X

Boku Accounts enables mobile payments anywhere, anytime

The new service means wireless carriers can sell customers a way to seamlessly make transactions at any credit card terminal with their phones, and no hardware has to be changed.

Daniel Terdiman Former Senior Writer / News
Daniel Terdiman is a senior writer at CNET News covering Twitter, Net culture, and everything in between.
Daniel Terdiman
3 min read
A look at a Boku Accounts screen showing a users balance, as well as several other options. Boku

Mobile phone customers around the world may soon have a way to pay any merchant or any other person with their device.

Today, San Francisco-based Boku unveiled Boku Accounts, a white-label service that will allow wireless carriers to offer their customers a mobile payments system that could work throughout the world. Those mobile users, in turn, will be able to make payments at any credit card terminal either with their phones, or with a special debit card.

Though no carriers have yet formally adopted the new service, Boku says one U.K. operator is well into trials. The company, which has received $40 million in funding from Andreessen Horowitz, Benchmark Capital, DAG Ventures, Index Ventures, and Khosla Ventures, already has existing partnerships to provide payments processing services to more than 240 carriers around the world. All told, Boku's services have been deployed in 66 countries.

But with Boku Accounts, the company is hoping to make a much bigger mark--enabling mobile payments just about anywhere customers shop. As well, the service has a significant location element that will allow merchants to seamlessly offer shoppers special deals or discounts.

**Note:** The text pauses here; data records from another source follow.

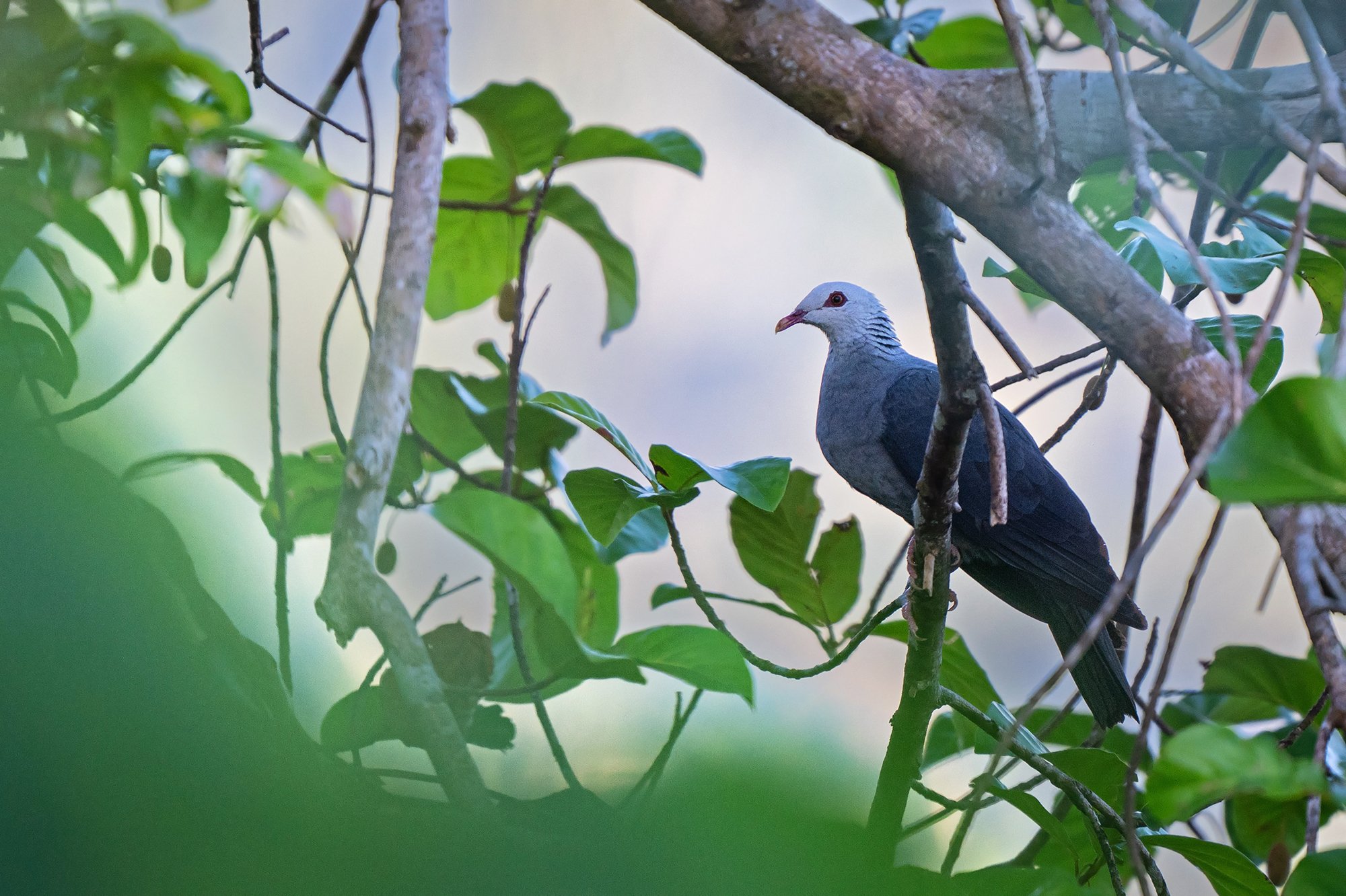 Andaman Wood Pigeon
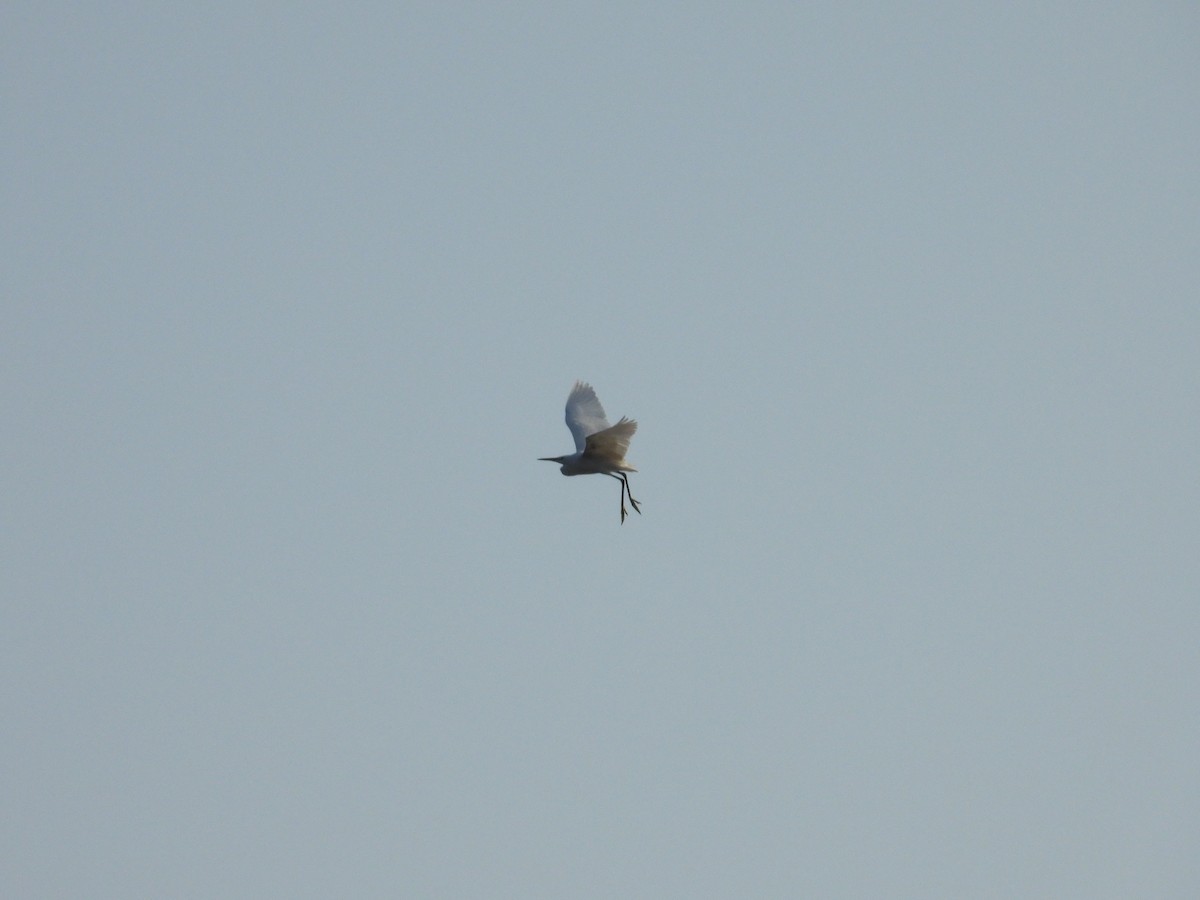 Little Egret - Nick 6978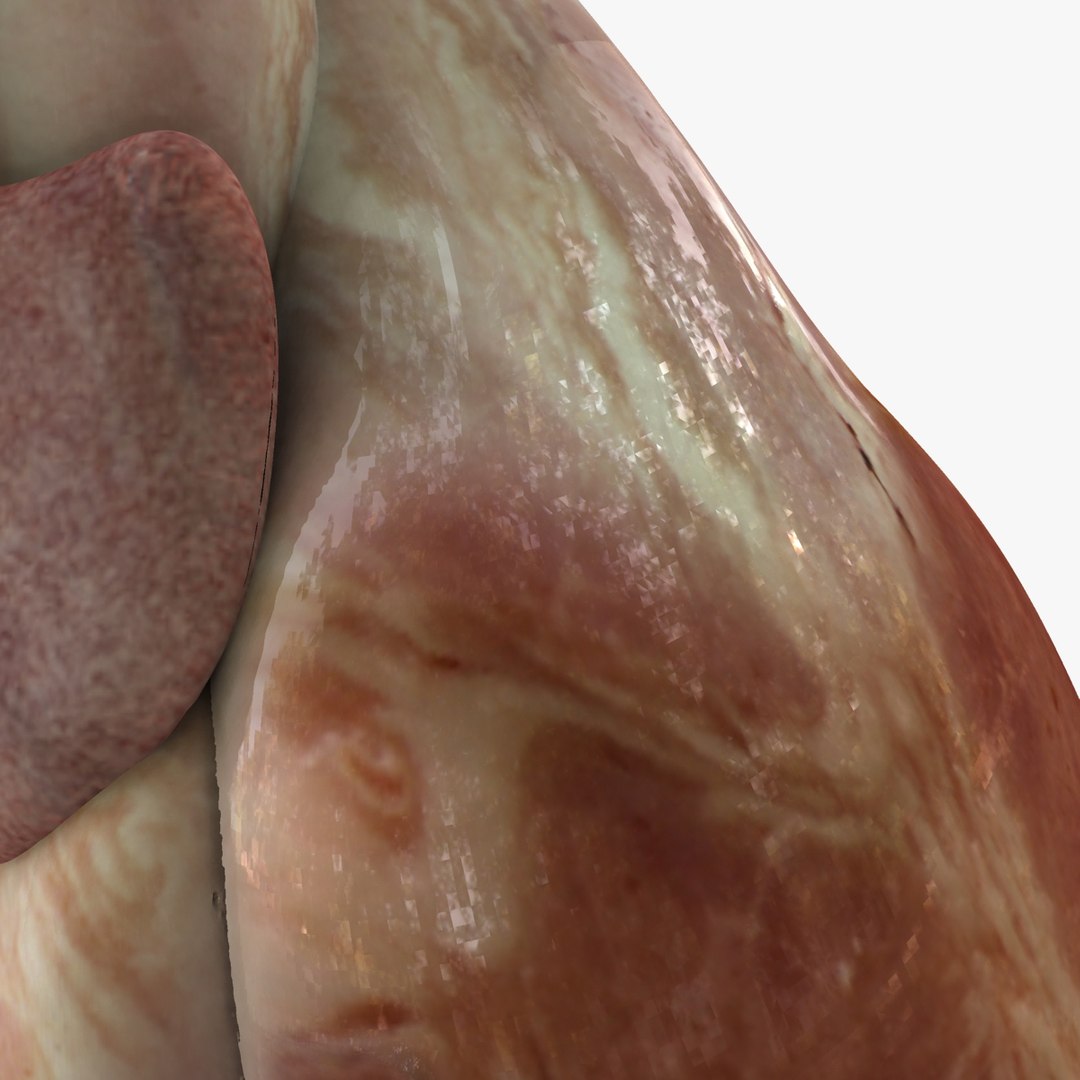 3d male body anatomy circulatory model https://p.turbosquid.com/ts-thumb/w5/gNNOXi/bBMLMwf7/render_008/jpg/1444969657/1920x1080/fit_q87/6ba0f33b4c5998134fb26bd561c6e84887d0a3ed/render_008.jpg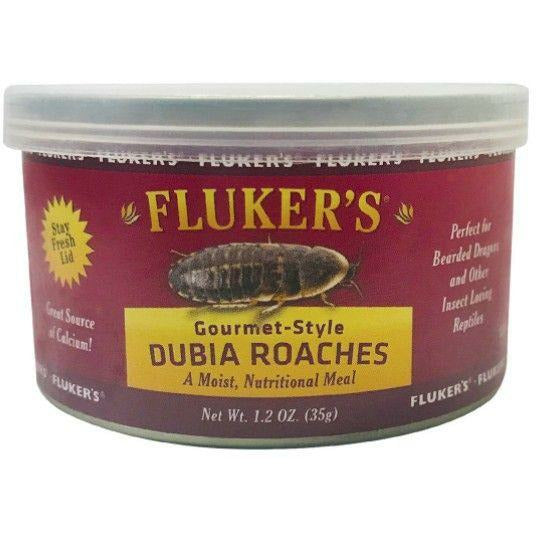 Flukers Reptile 1.2 oz Flukers Gourmet Style Dubia Roaches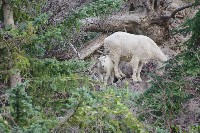 IMGP5454.JPG IMGP5454.JPG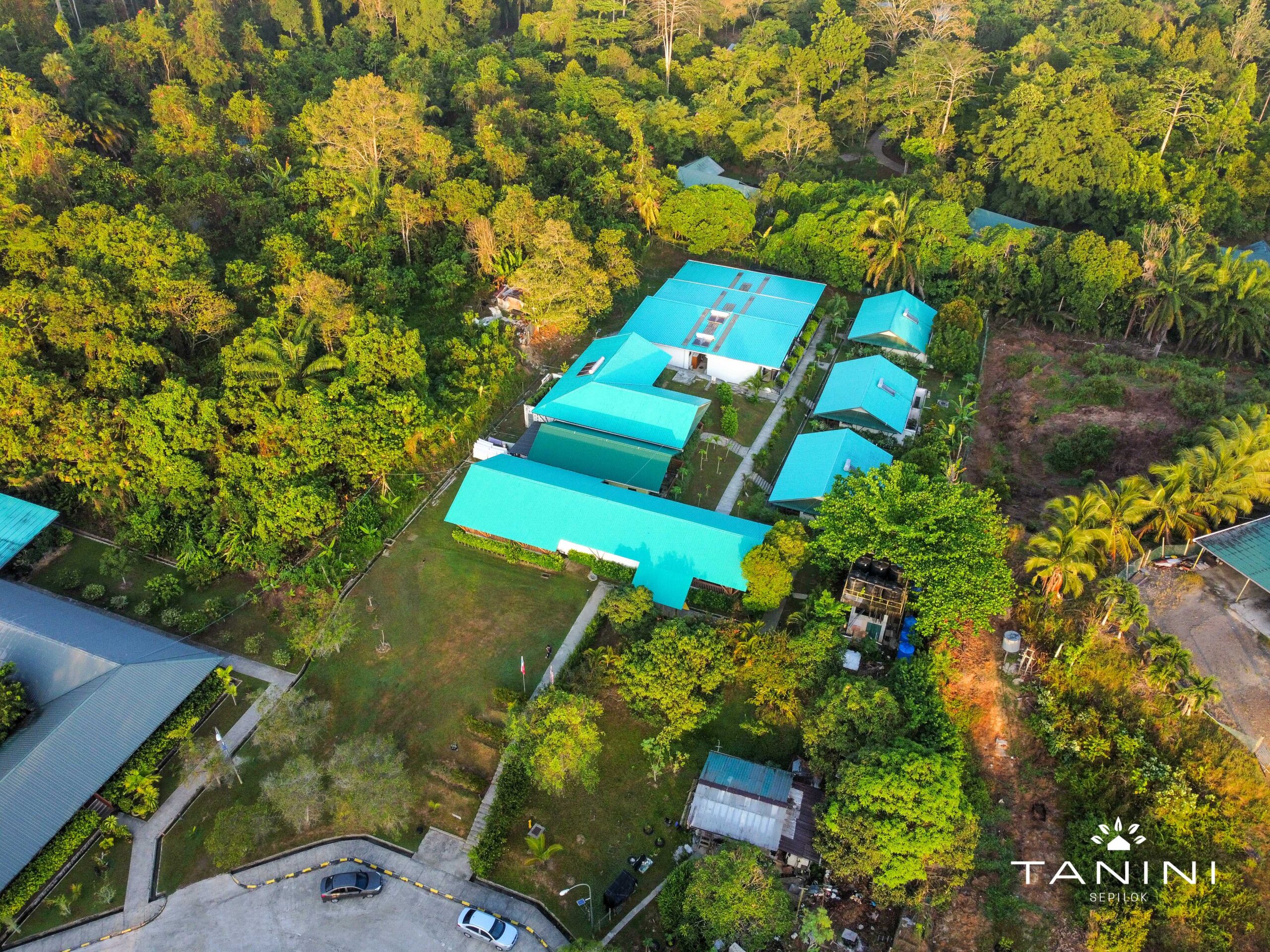 tanini sepilok drone 2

Clearly, it is hoping that it can convince many of those carriers that Accounts is a service that will help the operators' bottom lines and please their users.

Essentially, Accounts users will front a certain amount of money and each transaction they conduct using the service will draw from those funds. The mobile payments service is meant to be both backward- and forward-compatible in a payments environment that is slowly moving toward global adoption of near-field communication--a technology that lets two devices exchange information when in close proximity to each other.

But since NFC, as its known, has been integrated with only a very small percentage of mobile phones--especially in the United States--Boku Accounts has come up with a sticker that can be applied to the back of a user's phone that is embedded with an NFC chip. That means the user can take advantage of NFC technology, even if their phone doesn't have the technology.

However, Boku knows that many customers--or their carriers--won't want to see phones with these stickers, so the company has also come up with a debit MasterCard that will apply funds for payments from the same source as phones running Boku Accounts.

And because payments and customer tracking is all done behind the scenes, Boku thinks that merchants will want to come up with a wide range of offers to give customers, such as discounts on coffee for those who walk into, say, a Starbucks with an Accounts-enabled phone. The offers will be applied automatically, meaning that neither someone working the register or the customer will have to do anything.

Boku Accounts also enables customers to make mobile payments to any other Accounts user, again with all funds coming from their pre-paid balance.

To be sure, the mobile payments space is filled with aggressive players, from PayPal to Zong, Square, WePay, and others. But Boku feels that its significant relationships with carriers around the world gives it a leg up on its competitors, especially because Accounts doesn't require merchants to change their payments terminals in any way.

Whether carriers--or their customers--go along with Boku's plan remains to be seen.